§ What you need to do
Pictures excluded, output the lines of the data below between the one holding "ProHealth NMN supplement" and the one holding "Meguiar's Ultimate Wash", inclusive, exactly as they stand.

[Source data]
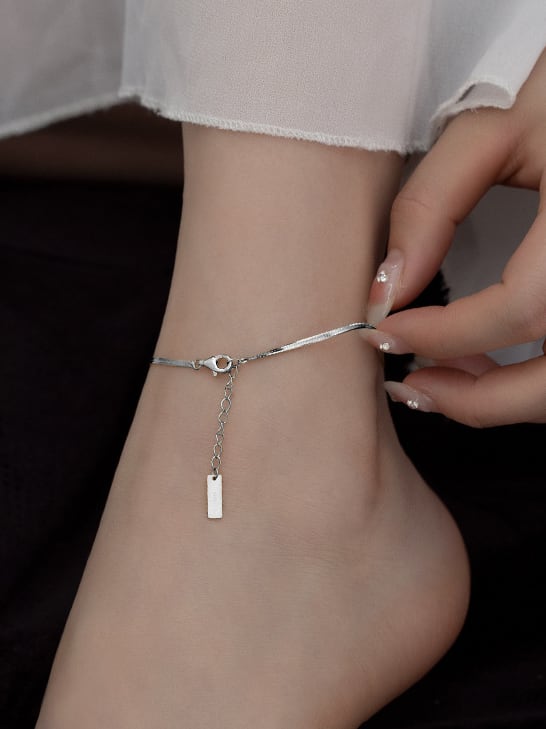 925 Sterling Silver Minimalist Snake Bone Chain Anklet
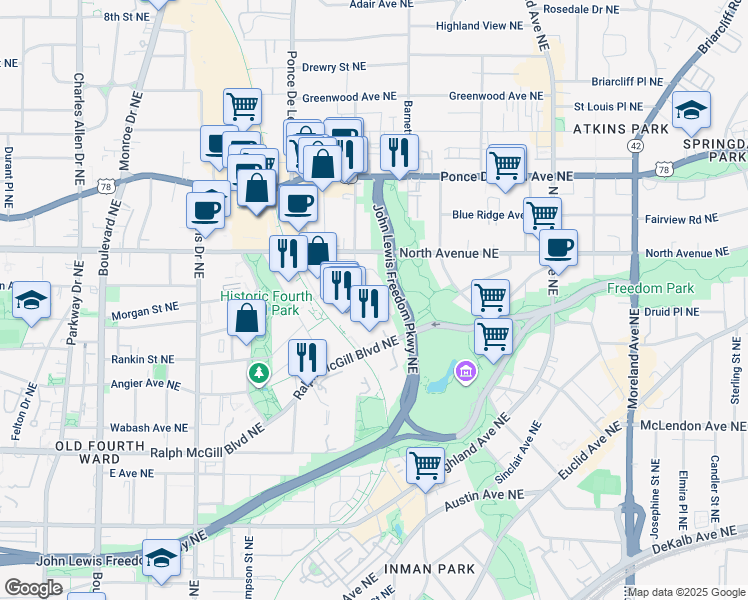 map of restaurants, bars, coffee shops, grocery stores, and more near 819 Belgrade Avenue Northeast in Atlanta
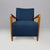 Set of Italian Art Deco Wooden Armchairs in Blue Fabric, 1940s For Sale - Image 4 of 18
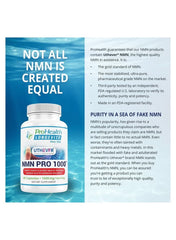 ProHealth NMN supplement 1000mg in a white bottle with 60 capsules for boosting longevity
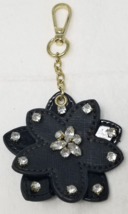 Daffodil Flower Keychain 1990s Faux Rhinestone Black Vinyl Fabric - $11.35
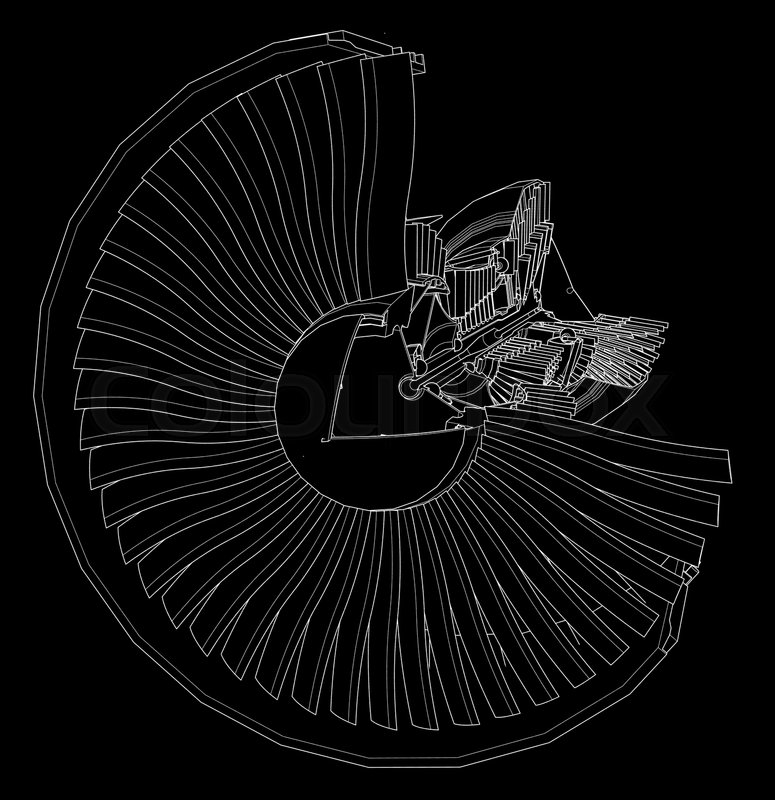 775x800 Turbo Jet Engine Aircraft. Vector Line Illustration. Stock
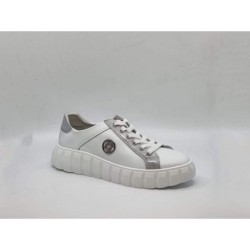 Białe skórzane sneakersy, półbuty damskie Goodin XF71 - 3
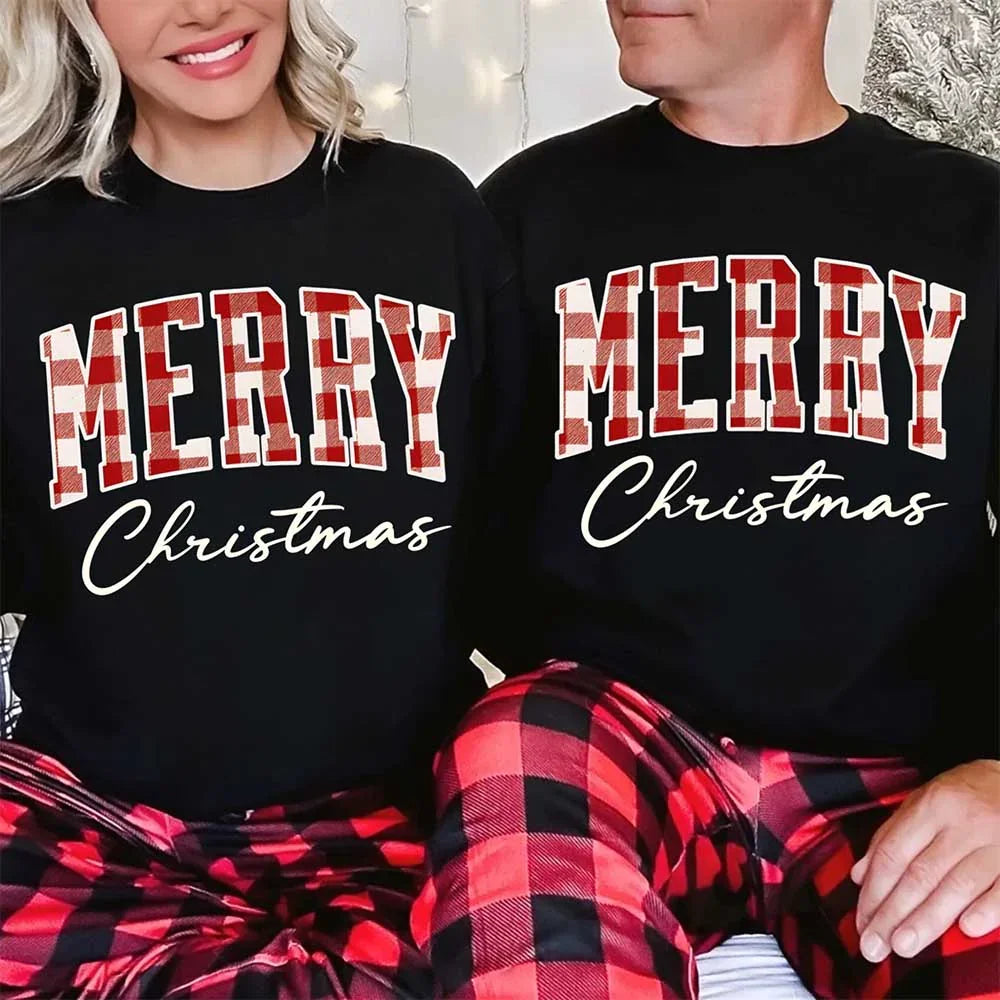 Merry Christmas Sweatshirt - Buffalo Plaid Crewneck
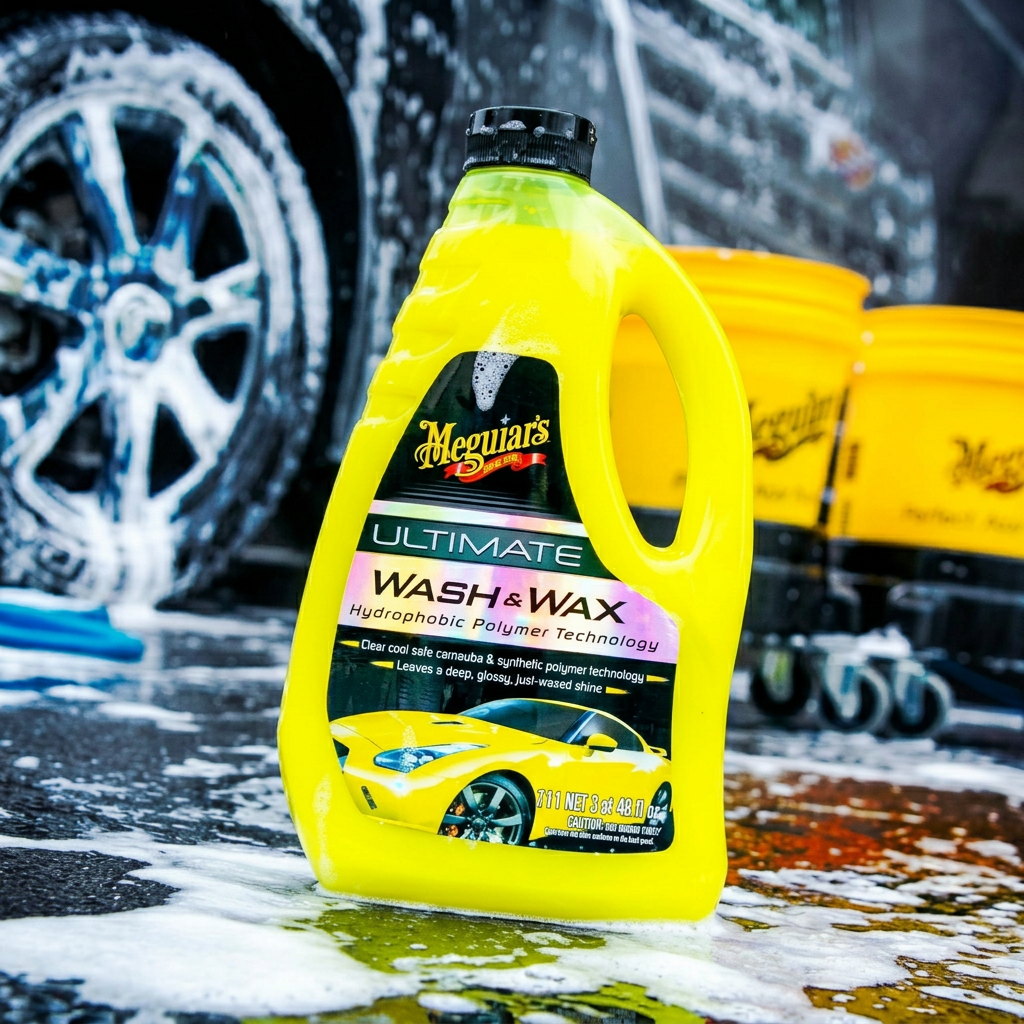 Meguiar's Ultimate Wash & Wax - luxusní, nejkoncentrovanější autošampon s příměsí karnauby a polymerů, 473 ml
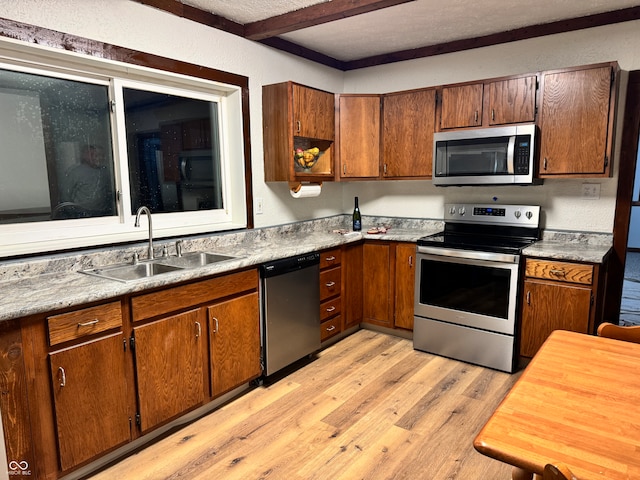 kitchen featuring sink, beamed ceiling, stainless steel appliances, and light wood-type flooring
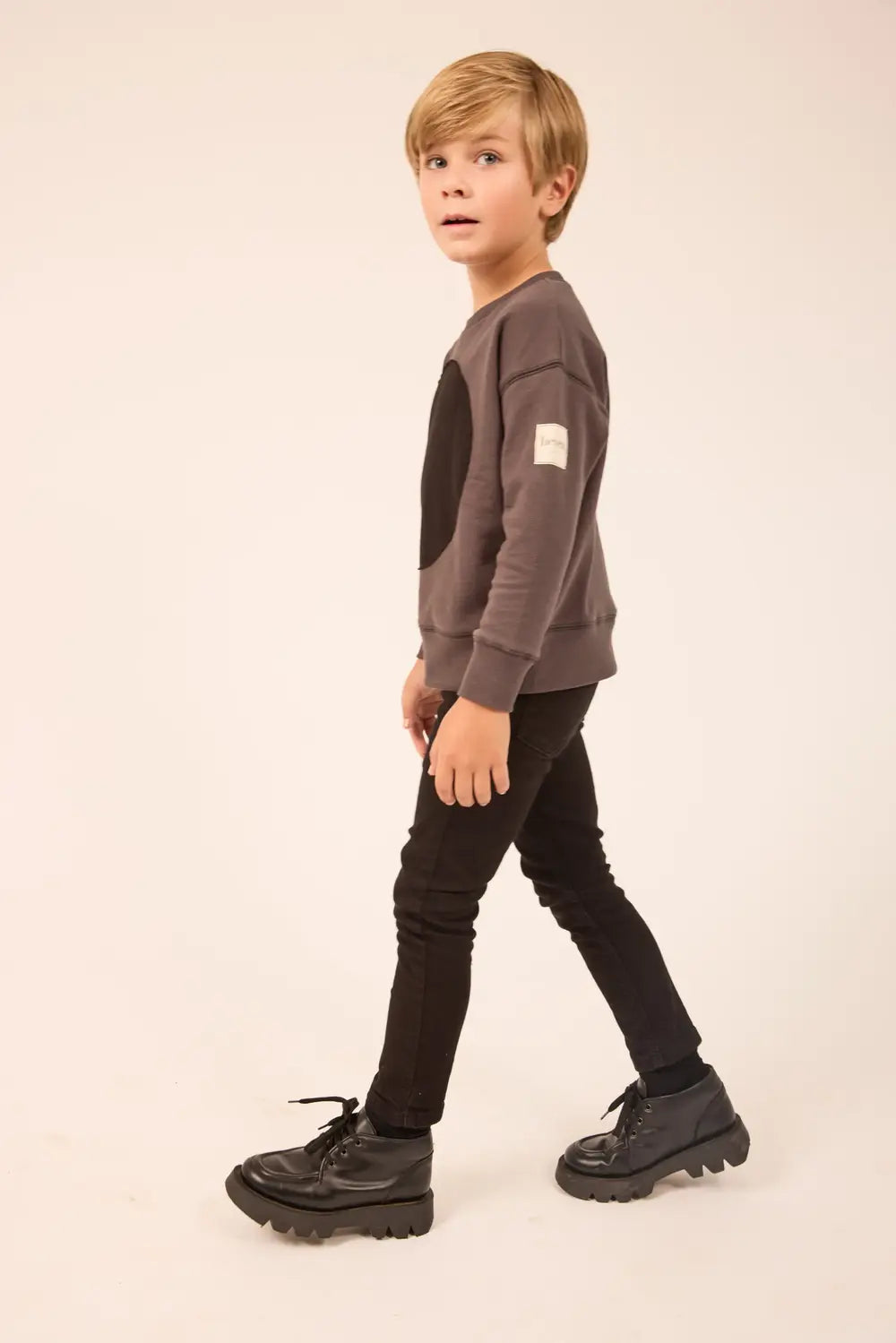 Grey Boys Circle Patch Sweatshirt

§ Solution for this exercise
 ProHealth NMN supplement 1000mg in a white bottle with 60 capsules for boosting longevity
 Daffodil Flower Keychain 1990s Faux Rhinestone Black Vinyl Fabric - $11.35
 775x800 Turbo Jet Engine Aircraft. Vector Line Illustration. Stock
 Białe skórzane sneakersy, półbuty damskie Goodin XF71 - 3
 Merry Christmas Sweatshirt - Buffalo Plaid Crewneck
 Meguiar's Ultimate Wash & Wax - luxusní, nejkoncentrovanější autošampon s příměsí karnauby a polymerů, 473 ml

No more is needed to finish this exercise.